Mme Kamatani a elle aussi trouvé le succès, mais en empruntant une voie différente. Pour elle, l’image vieillotte du snack devait changer. Les jeunes femmes aiment les patates douces, mais elles ont cette image « démodée » ou « boiteuse », et les gens pensent « je veux en manger, mais c’est embarrassant à acheter », a-t-elle expliqué.
Pour renverser cette réputation, elle s’est concentrée sur l’onkochishin – une expression idiomatique signifiant « apprendre de nouvelles idées à partir du passé » – et a lancé son entreprise avec un élégant camping-car VW rose customisé en 2018. En 2021, son entreprise s’est installée dans un magasin permanent (et toujours rose) dans le quartier branché d’Omotesando à Tokyo. « Tout le personnel de vente, les imo [pommes de terre] filles et les imo garçons, sont des influenceurs », explique-t-elle. « Ce sont des jeunes hommes et femmes cool et à la mode ».
Malgré l’approche moderne de Kamitani, elle reconnaît l’attrait de ces vendeurs de la vieille école. « Je ne pense pas qu'[ils] vont disparaître », a-t-elle déclaré. « Parce qu’ils sont ‘rares’, il y a des clients qui sont fascinés par ce sentiment de rareté et qui veulent acheter chez eux, donc il y a une certaine demande. »

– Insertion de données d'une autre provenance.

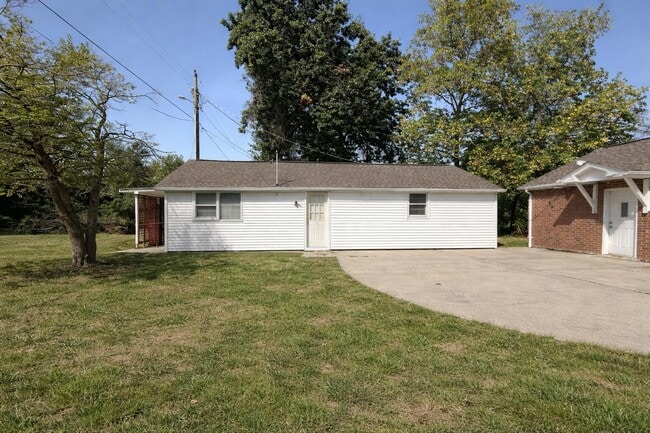 Building Photo - 2912 Mexico Gravel Rd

Pour ceux qui le souhaitent, lancer un camion de yaki-imo est relativement facile. Contrairement à d’autres entreprises gastronomiques au Japon, aucune licence alimentaire n’est nécessaire – seulement un permis pour vendre depuis le camion. Il existe même une société appelée Yaki-imo Kobo (Atelier Yaki-imo) qui fournit des informations aux vendeurs potentiels et vend tout ce dont ils ont besoin pour monter une boutique mobile – y compris des cassettes de la chanson yaki-imo.
« Je pense qu’il y a une appréciation et une nostalgie croissantes pour les vendeurs de nourriture qui leur permettront de continuer », a déclaré Rath. « Le vendeur de yaki-imo est l’un des annonciateurs des saisons…. Il est difficile d’imaginer un paysage urbain sans eux. »
Pour Tanaka, le secret est la simplicité : les patates douces rôties sont naturellement sucrées et peuvent être mangées directement sur la braise. C’est nutritif, rassasiant et « une excellente alternative de collation à la malbouffe », dit-elle. « Le yaki-imo est et sera toujours une friandise réconfortante qui nous rappelle de nombreux souvenirs.